MemPalace JS is a high-performance, local-first memory engine. It follows a "Method of Loci" spatial metaphor to organize AI context.
MemPalace organizes information into layers to maximize the utility of the AI's limited context window.
- Layer 0: Identity (Static): High-level persona info (e.g., "I am an engineer working on VR"). Always loaded.
- Layer 1: Essential Story (AAAK): The most important milestones and decisions across the entire project, compressed using the AAAK dialect. Always loaded.
- Layer 2: On-Demand (Topic): Specific verbatim text chunks from a requested "Room" (e.g., all memories about "auth"). Loaded when requested by the agent.
- Layer 3: Deep Search (Vector): Semantic search results from LanceDB based on the current user query.
To overcome the traditional bottlenecks of AI memory systems in Python, MemPalace JS utilizes several Node.js-specific optimizations:
Embedding generation (math-heavy) is offloaded to worker_threads running ONNX Runtime (Transformers.js).
- Request Coalescing: If multiple tool calls trigger embeddings simultaneously, the main thread bundles them into a single message to the worker.
- Responsiveness: This keeps the MCP server's main thread free to respond to heartbeats and pings, preventing agent timeouts.
Retreiving 50MB of memory context can cause memory spikes. MemPalace uses AsyncGenerator to stream context chunks from the database to the output buffer.
- This ensures an O(1) memory footprint for context generation.
Standard JSON.stringify is slow for massive arrays of text objects. MemPalace uses fast-json-stringify with pre-compiled schemas for the core Drawer objects.
- Result: Context retrieval is up to 10x faster than traditional implementations.
- LanceDB (Vector): An embedded, serverless vector database. It stores the embeddings of every "Drawer" (text chunk) and provides fast ANN (Approximate Nearest Neighbor) search.

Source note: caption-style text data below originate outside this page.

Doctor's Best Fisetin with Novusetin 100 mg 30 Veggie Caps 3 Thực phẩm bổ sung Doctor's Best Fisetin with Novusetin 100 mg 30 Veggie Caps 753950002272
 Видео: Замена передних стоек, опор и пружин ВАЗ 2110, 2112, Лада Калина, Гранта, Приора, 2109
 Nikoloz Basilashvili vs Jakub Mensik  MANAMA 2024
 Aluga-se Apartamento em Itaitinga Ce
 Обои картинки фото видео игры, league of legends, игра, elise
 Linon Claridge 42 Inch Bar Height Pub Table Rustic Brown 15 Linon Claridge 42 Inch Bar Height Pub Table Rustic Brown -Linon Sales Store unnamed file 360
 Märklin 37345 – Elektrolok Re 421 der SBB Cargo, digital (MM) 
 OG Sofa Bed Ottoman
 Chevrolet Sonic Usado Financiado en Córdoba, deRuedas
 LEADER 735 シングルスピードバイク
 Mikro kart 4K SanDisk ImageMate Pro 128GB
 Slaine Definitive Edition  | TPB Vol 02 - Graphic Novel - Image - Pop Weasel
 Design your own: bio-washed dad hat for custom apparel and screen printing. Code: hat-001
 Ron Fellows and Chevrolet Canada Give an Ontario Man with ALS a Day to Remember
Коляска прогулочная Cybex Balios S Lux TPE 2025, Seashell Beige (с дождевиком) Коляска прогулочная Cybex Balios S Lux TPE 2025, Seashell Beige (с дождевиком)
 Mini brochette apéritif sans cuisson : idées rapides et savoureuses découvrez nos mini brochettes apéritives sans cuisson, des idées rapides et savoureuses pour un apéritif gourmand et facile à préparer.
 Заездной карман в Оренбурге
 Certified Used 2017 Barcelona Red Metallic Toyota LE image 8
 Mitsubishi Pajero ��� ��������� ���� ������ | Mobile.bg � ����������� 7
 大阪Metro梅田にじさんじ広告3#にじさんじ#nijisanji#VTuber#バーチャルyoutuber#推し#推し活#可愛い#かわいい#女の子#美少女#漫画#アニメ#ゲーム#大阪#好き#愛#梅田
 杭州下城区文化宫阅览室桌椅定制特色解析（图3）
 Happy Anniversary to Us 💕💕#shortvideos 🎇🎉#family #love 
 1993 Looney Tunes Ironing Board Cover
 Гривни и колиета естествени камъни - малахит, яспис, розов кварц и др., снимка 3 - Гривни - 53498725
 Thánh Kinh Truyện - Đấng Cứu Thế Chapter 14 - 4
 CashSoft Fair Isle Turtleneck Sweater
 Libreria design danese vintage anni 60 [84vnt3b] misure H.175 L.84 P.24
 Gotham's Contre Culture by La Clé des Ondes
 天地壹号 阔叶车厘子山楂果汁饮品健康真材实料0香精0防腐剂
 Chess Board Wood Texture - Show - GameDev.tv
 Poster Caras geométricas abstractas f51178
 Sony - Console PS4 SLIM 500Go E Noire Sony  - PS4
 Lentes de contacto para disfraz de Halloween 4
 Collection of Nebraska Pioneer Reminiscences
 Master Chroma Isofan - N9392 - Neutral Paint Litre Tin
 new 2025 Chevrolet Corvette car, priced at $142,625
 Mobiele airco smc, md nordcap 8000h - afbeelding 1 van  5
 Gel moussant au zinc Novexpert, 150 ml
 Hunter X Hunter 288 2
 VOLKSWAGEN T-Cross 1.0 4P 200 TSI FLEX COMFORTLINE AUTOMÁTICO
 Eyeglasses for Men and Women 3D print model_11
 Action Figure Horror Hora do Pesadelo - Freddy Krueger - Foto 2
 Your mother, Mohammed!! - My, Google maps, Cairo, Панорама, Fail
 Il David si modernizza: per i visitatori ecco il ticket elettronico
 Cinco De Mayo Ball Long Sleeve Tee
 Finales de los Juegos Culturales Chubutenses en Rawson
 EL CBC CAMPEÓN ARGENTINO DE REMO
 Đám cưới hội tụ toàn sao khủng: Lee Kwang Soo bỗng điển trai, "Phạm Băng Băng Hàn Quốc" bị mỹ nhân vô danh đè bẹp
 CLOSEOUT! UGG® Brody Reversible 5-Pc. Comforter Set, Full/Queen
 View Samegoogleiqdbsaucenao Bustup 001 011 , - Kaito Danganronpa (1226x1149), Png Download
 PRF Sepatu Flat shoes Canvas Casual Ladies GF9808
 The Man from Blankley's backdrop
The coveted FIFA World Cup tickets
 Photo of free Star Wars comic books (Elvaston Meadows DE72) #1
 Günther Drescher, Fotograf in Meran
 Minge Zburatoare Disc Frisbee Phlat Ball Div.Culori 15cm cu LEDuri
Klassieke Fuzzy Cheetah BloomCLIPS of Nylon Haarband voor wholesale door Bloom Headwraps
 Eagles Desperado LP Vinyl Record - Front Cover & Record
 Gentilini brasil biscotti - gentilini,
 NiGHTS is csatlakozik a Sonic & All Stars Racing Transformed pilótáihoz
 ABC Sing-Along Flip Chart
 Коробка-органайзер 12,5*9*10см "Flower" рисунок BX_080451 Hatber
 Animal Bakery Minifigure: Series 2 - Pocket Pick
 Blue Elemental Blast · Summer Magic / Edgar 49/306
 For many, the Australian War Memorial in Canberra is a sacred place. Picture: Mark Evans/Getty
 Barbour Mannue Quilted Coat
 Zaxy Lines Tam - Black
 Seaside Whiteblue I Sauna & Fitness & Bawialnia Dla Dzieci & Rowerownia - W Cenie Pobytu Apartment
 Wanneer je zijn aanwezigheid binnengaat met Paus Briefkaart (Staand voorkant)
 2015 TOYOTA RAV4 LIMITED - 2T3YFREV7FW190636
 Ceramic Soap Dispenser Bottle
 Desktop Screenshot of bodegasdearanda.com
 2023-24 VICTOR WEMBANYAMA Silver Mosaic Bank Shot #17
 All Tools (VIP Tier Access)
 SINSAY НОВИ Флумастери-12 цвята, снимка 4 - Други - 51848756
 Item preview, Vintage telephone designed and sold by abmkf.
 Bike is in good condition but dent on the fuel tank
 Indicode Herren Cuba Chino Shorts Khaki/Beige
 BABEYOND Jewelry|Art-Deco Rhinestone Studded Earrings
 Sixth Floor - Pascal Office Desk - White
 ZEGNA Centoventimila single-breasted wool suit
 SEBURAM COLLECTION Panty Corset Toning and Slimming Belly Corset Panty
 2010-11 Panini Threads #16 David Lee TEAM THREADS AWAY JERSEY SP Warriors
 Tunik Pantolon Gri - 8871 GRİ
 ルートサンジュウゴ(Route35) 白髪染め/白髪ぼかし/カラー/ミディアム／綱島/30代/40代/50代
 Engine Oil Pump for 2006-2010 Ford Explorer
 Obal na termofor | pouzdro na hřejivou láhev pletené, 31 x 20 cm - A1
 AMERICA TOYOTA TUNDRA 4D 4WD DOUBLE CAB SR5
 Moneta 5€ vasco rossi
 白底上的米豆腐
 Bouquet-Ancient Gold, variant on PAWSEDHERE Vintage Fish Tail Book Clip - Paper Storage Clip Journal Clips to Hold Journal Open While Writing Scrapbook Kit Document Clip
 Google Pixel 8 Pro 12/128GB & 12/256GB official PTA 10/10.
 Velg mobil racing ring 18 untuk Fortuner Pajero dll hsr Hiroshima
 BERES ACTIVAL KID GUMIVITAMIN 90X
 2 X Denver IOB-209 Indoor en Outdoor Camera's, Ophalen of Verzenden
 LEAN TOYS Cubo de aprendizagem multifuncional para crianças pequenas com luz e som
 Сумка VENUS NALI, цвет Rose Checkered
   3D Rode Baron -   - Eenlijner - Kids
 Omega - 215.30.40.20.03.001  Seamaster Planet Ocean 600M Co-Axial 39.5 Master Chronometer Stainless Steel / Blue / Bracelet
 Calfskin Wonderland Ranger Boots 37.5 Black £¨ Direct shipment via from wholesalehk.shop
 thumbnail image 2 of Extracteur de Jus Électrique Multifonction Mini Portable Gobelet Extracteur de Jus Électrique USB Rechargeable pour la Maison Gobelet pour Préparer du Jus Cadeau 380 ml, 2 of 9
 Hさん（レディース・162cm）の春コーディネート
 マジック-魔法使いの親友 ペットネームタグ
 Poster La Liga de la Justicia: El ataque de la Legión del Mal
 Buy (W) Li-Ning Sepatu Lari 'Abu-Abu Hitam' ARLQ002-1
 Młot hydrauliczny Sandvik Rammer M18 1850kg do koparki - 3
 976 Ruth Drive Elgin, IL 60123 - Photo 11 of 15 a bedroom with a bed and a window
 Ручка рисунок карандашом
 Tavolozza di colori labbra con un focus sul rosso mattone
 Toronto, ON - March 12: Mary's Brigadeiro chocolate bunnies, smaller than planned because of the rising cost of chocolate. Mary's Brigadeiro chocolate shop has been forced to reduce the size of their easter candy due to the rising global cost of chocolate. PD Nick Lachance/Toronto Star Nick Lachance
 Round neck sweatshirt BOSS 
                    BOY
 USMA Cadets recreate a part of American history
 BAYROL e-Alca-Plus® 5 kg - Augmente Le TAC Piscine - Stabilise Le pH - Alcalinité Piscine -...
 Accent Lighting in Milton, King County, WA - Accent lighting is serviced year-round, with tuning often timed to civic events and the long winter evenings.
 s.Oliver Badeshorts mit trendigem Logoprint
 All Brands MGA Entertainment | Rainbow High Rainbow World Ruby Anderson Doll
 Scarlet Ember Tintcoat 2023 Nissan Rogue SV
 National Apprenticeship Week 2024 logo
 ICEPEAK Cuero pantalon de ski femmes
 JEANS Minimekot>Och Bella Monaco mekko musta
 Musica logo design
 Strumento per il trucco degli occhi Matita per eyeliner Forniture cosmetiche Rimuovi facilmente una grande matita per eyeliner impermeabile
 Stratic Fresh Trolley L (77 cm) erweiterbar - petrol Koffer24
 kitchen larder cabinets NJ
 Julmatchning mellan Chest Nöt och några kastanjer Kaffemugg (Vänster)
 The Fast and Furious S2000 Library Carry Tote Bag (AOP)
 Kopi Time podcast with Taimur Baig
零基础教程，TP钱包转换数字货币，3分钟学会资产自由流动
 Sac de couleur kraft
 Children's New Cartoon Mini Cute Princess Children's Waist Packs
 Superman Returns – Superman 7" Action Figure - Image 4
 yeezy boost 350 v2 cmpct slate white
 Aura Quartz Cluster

- Better-SQLite3 (Relational): Powers the Knowledge Graph. It tracks triples (subject-predicate-object) with temporal validity.
- Filesystem: Used for identity files, registry logs, and configuration.
The core "Mining" engine does not use an LLM. It uses a series of high-speed regex passes to:
- Identify Decisions (e.g., "We decided to use Node.js").
- Detect Milestones (e.g., "shipped version 1.0").
- Capture Emotions (e.g., "I'm feeling frustrated with the build speed").
This allows the system to index massive codebases and chat logs in seconds for free, rather than spending dollars on tokens and waiting minutes for LLM extraction.